35. The International Hasidic Women's Seminary currently enrolls 15 young women in a second-year program for Chabad high school graduates who have completed an intensive first-year religious studies course elsewhere. Students pursue a variety of courses in hassidut, education, and other disciplines, and engage in significant volunteer work in the local Chabad community. Classes are taught by local rabbis and other instructors, and some lessons are transmitted from Israel via Skype. Among the more intensive volunteer experiences during the 2012-2013 academic year was the organization and management of a week-long vacation camp for 45 girls, all of whom are daughters of Chabad emissaries in Ukraine. The Seminary girls also taught English and Hebrew in local Chabad schools (Dnipropetrovsk and Dniprodzerzhinsk) and assisted children enrolled in the Special Needs Educational Resource Center.

 

In its third year of operation, the Seminary is still searching for a definitive program, a way to differentiate itself from other institutions (including one in Moscow) that attempt to provide a post-high school experience for girls from Chabad families that is consistent with Chabad custom. Many such American young women do not pursue university degrees, but may be interested in education at the community college level and in social service experiences.
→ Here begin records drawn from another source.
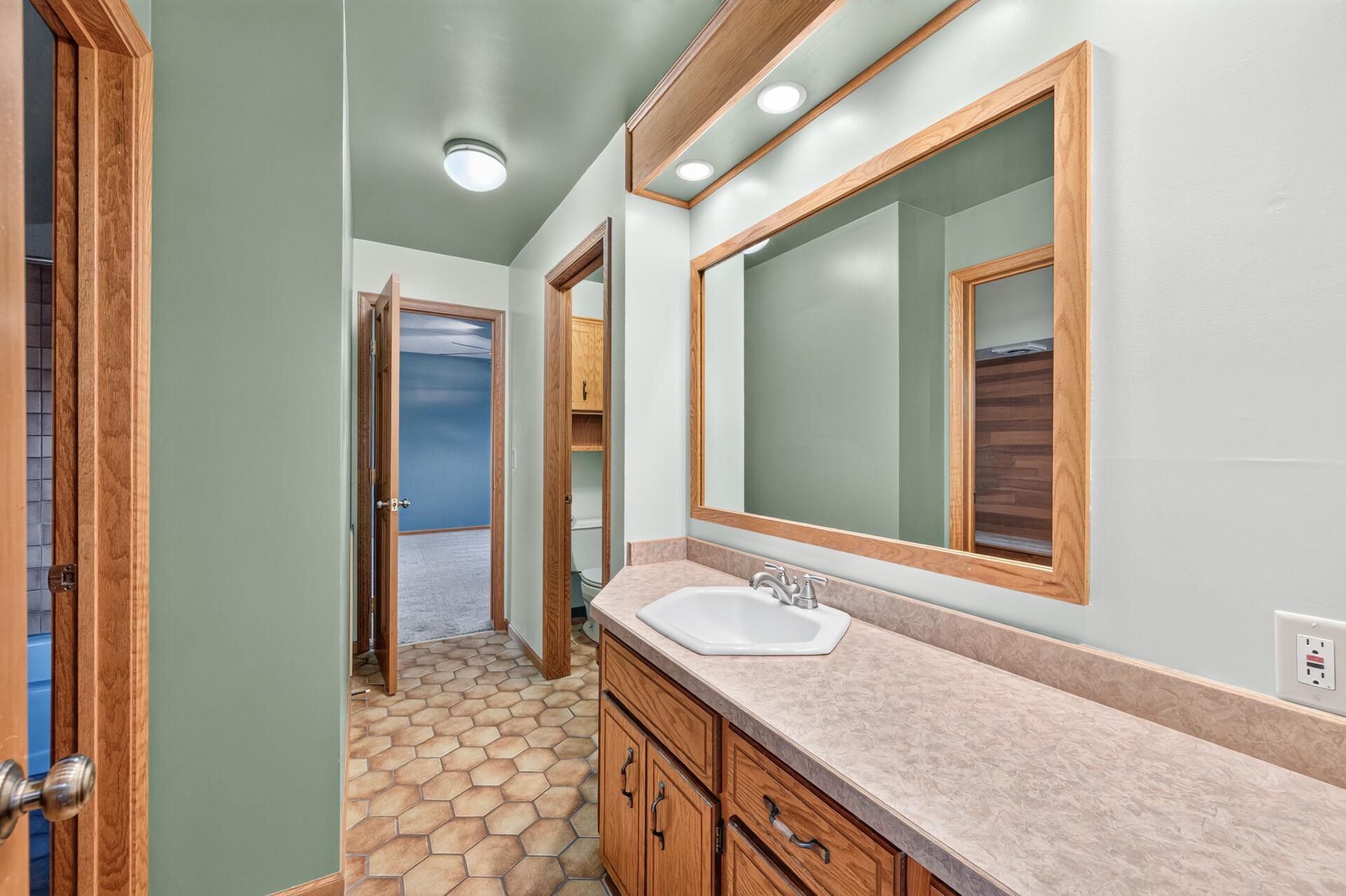 View of Residential at 30032 154th Street, Zimmerman MN 55398, Zimmerman (31 of 63) - Mike Wilen | Minnesota Team Real Estate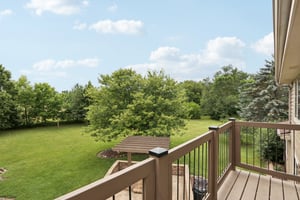 3 Mile Rd-S1807-094.jpg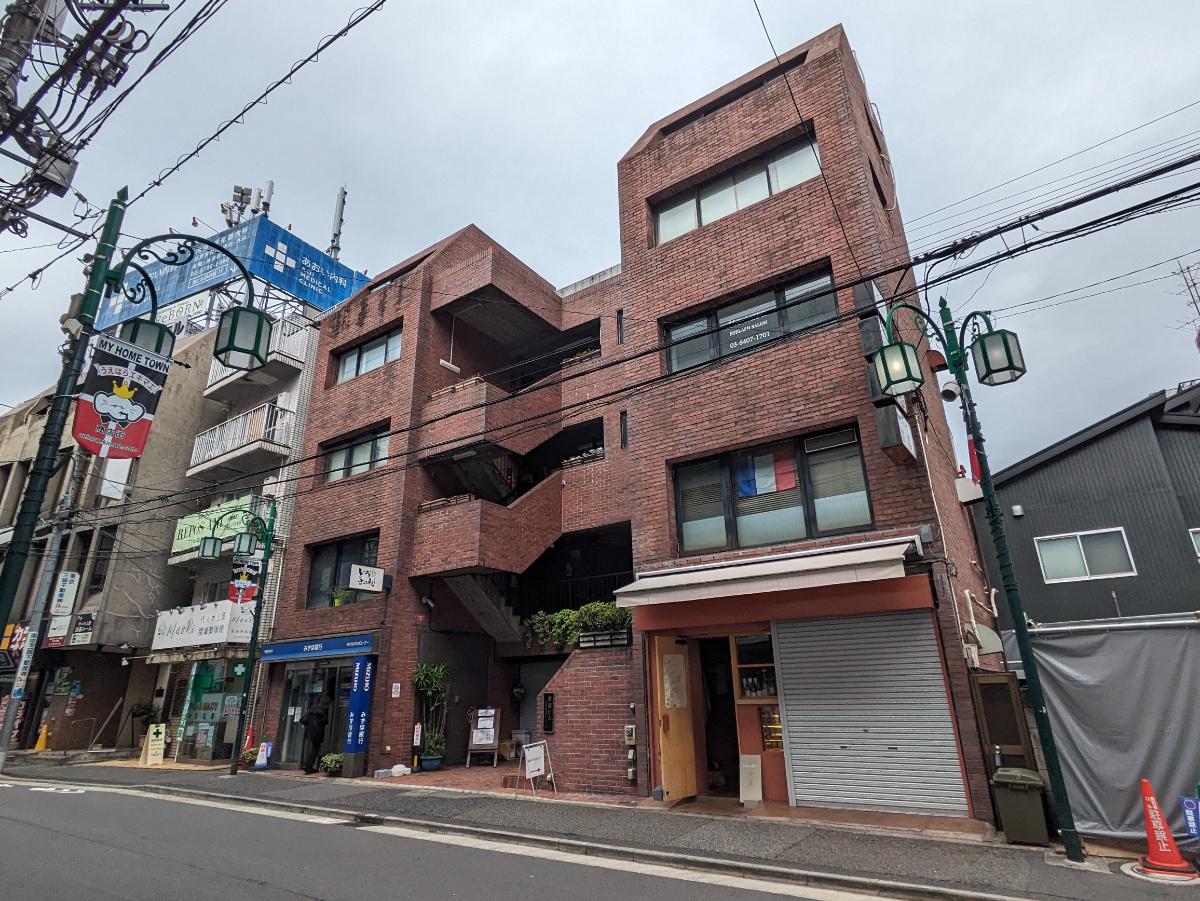 fresh/building/J00100371879_6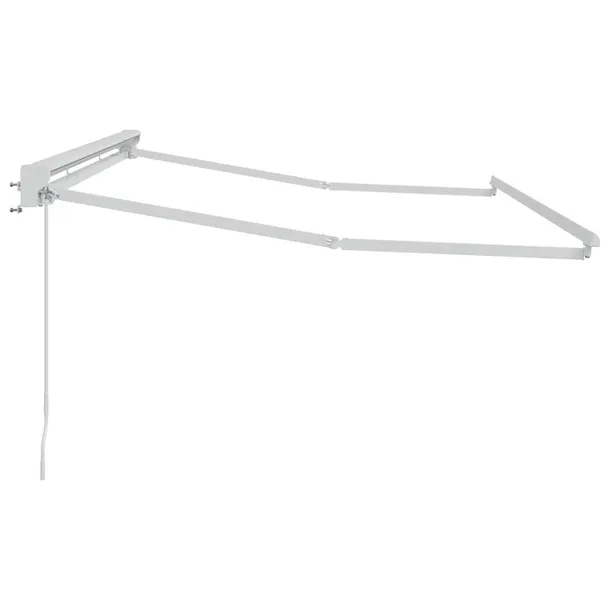 rama-markizy-bialy-3-5-x-2-m-stan-nowy-kod-producenta-42002524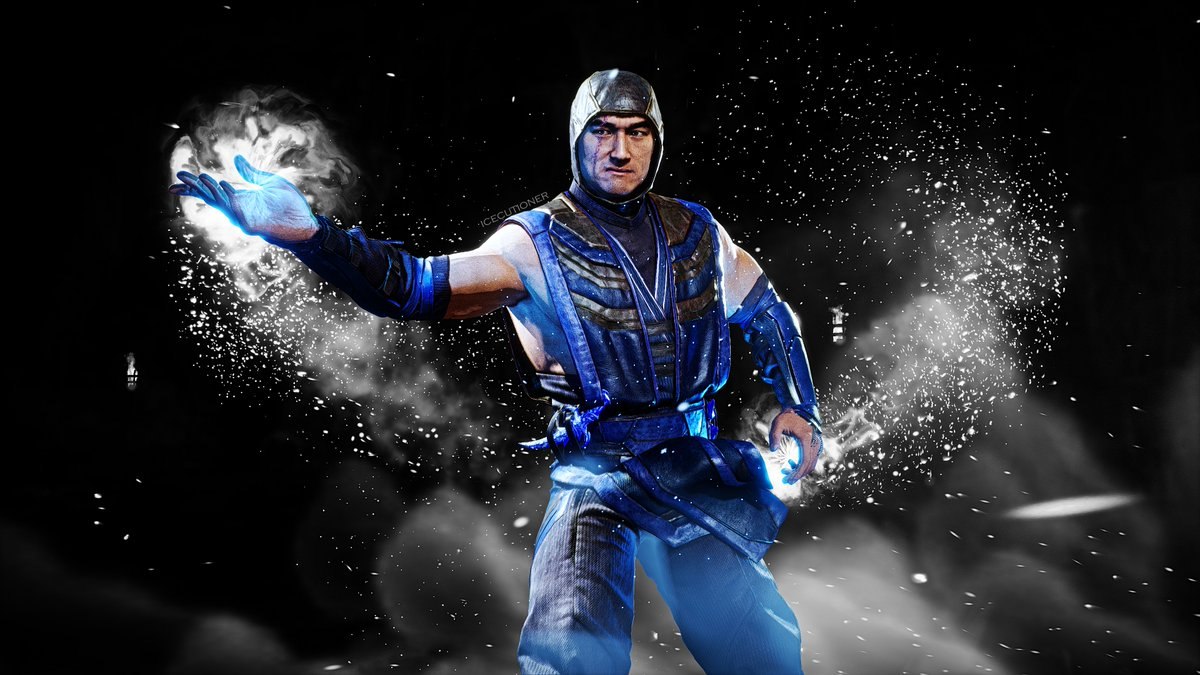 Геометрия саб зиро. Mk11 Сабзиро стили. Mk11 sub Zero Combo. Mortal Kombat sub Zero. Mk11 sub Zero Victory pose.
The location of the Seminary in an area of Ukraine that is of great historic significance to Chabad is an attraction in itself, but the rabbinic founders of the institution are still grappling with its academic orientation, that is, whether it should pursue accreditation with an American or Israeli religious college so that interested girls could earn credits for a degree if they decide to pursue one.[72]

 

 

Rabbi Moshe Weber, an Israeli, is one of the founders of the International Seminary and serves as its director.

 

 

Photo: the writer.

 

Seminary students live and take their meals in a small building next to the current Beit Chana dormitory. When Beit Chana moves to its new facility, the Seminary will move with the College, but will continue to occupy separate premises.

 

Tuition, room, and board for the Seminary total $6,000, about half of its real cost per student. Rabbi Moshe Weber, director of the Seminary, is reluctant to raise fees, fearing that greater expense would deter many families from enrolling their daughters in the program.

 

 

36. Tkumah - The All-Ukrainian Center for Holocaust Studies is the most comprehensive Holocaust research center in Ukraine. Under the leadership of Dr. Igor Schupak, its director, Tkumah opened its nearly 3,000 square meter (approximately 32,000 square feet) Museum of Jewish Memory and Holocaust in Ukraine in October 2012. The Museum is located within the Menorah Center, and the openings of the Center and the Museum occurred concurrently.

 

The Museum consists of four large exhibit halls with movable partitions. As its name suggests, it strives to present a comprehensive history of Jewish life on Ukrainian land, including the Holocaust, but not excluding the more expansive history of Jewish presence in Ukraine. The creators of the Museum, said Dr. Schupak, were very sensitive to broader Ukrainian history and the likelihood that most visitors would be Ukrainians with little knowledge of specifically Jewish history. In fact, as of mid-April, the Museum had already logged 30,000 visitors, of whom 90 percent were not Jewish. Among the guests were many school groups, as well as members of Christian and Moslem congregations. Admission to the Museum is free of charge.

 

Dr. Igor Schupak is a native of nearby Zaporizhzhia. After earning his doctorate at a Canadian university, he was asked by Rabbi Shmuel Kaminezki to organize Holocaust research in the Dnipropetrovsk area and to develop Holocaust teaching materials and exhibits.

 

Photo: the writer.

 


[70] Mr. Masakovsky noted that parents of some young people object to Chabad ritual in the weddings of their children.

[71] See pages 44-45.

[72] Girls from Israeli Chabad families are much more likely to pursue full academic degrees than are girls from Chabad families in other countries.